There were two major Ferry and Launch Ghat(Doc/Jetty) at Jamalpur, one of those used to connect with Bogra district, and other one used to connect with Sirajganj district. After opening of the "Jamuna Bridge" over this river at Tangail district, those options are just demised.
During my native village tour, I have went to a place named "Pingna"(but we local people pronounce this as Pigh-na) at Sharishabari Thana of Jamalpur. Its around 30/40 minutes of bike ride from my grandfather's house. Also this place is near around the "Jagannath Ganj Ghat"(once upon a populous launch ghat).
The river Jamuna here is forced to separated into several branches due to some massive islands those raised amid of the river by carelessness activities from our government(actually river control board). Still you can not see the main bank of the river, if you stand at one side. But, you still can see the secondary bank(island shore after water stream) easily. This moribund river doesn't have that much water force(current) right now.
From this place, its around 1 hour bus journey, and you'll find "Jamuna Bridge". I can remember, when the bridge got an opening, people around here used their bicycle to visit the largest bridge of Bangladesh, Jamuna. Some people used their own feet instead of any machine(FYI, no bus service that time was available from here).

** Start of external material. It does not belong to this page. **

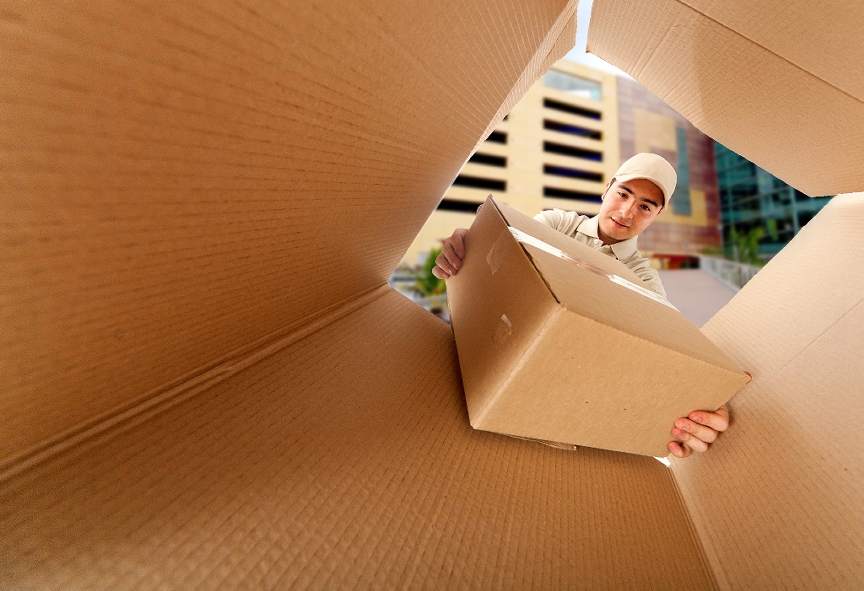 Iznomā galdus un krēslus banketiem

It was around 4:00 when I was enjoying the beauty of teal water from the river. Few local people were catching fish. You know catching fish is exciting, but boring for the spectators like me. But fortunately I have seen one of them caught one. Once upon a time, people around here used to live their life by catching fish from this great river. But now, fishes are deceasing like a magic as the river loses its strength.
I can remember, when I have came this place during my childhood, it was hard to see anything other than water from the river bank. But now a days, this moribund river is thinking those heydays along with me. And we have nothing to do!?